▸ **Problem to work on**
Only the lines below from the one containing "迪丽热巴同款弧形抓夹大号黑色发抓结实仿醋酸盘发夹高级鲨鱼夹女" through the one containing "Rain Gatters Canaletas Para La Agua" belong in the answer, set down exactly, with the pictures left out.

▸ **Data for this task**
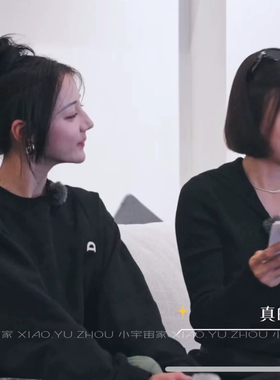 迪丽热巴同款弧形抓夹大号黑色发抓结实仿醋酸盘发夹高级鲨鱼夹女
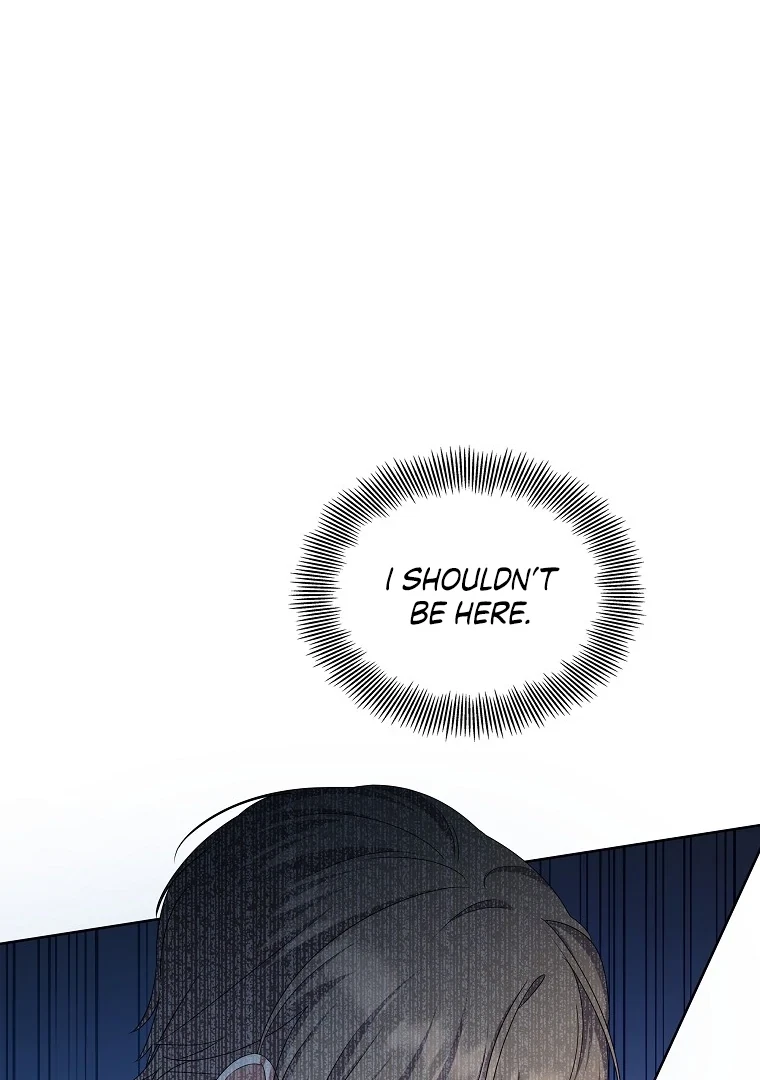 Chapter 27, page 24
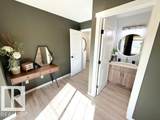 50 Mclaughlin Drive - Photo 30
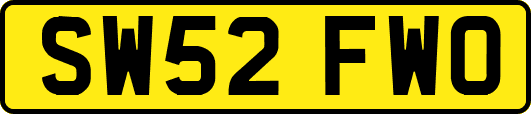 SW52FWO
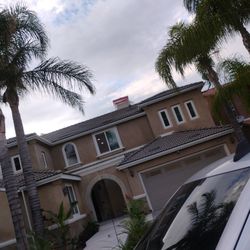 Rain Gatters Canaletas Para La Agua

==

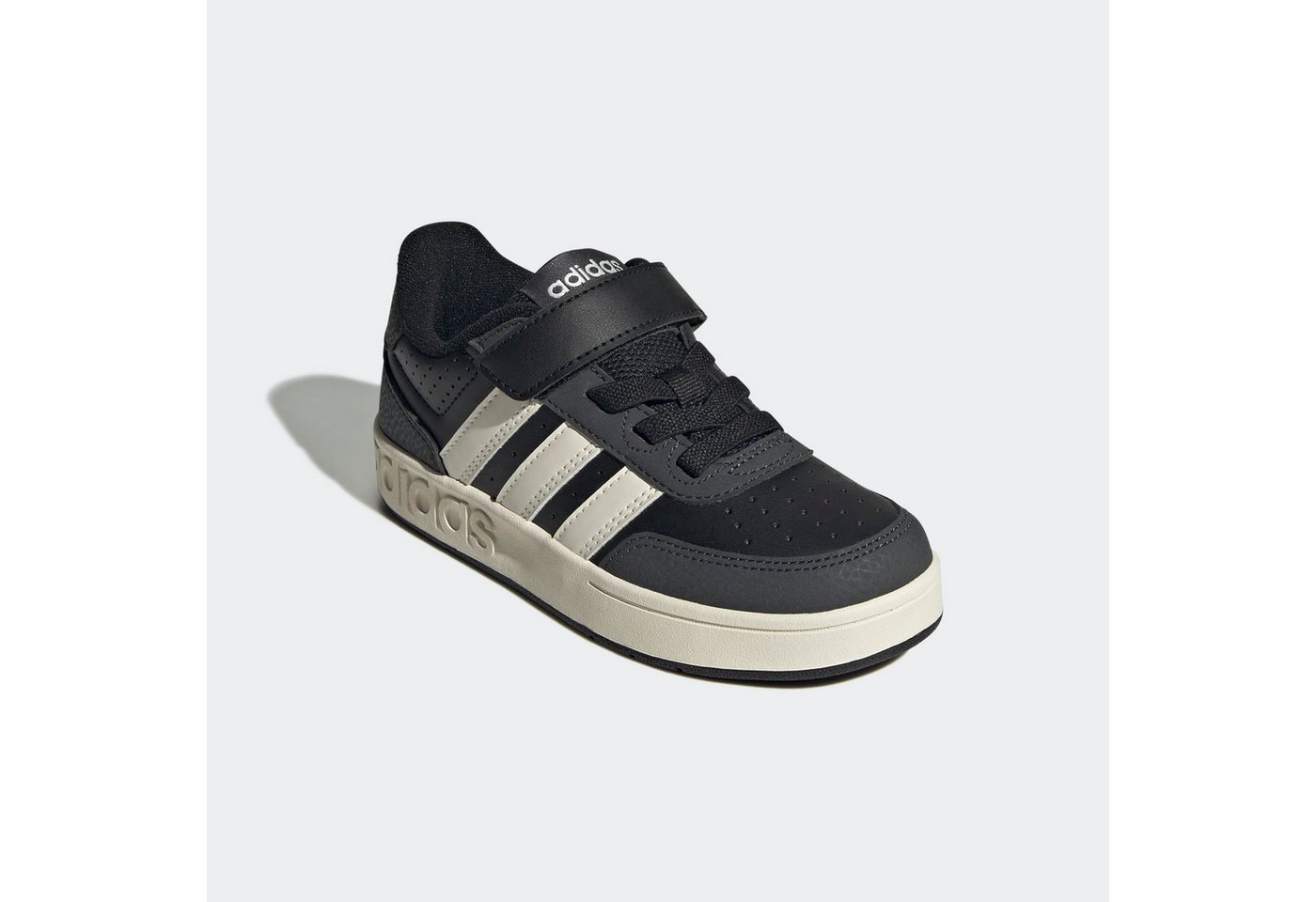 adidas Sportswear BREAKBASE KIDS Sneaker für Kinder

▸ **Your response**
 迪丽热巴同款弧形抓夹大号黑色发抓结实仿醋酸盘发夹高级鲨鱼夹女
 Chapter 27, page 24
 50 Mclaughlin Drive - Photo 30
 SW52FWO
 Rain Gatters Canaletas Para La Agua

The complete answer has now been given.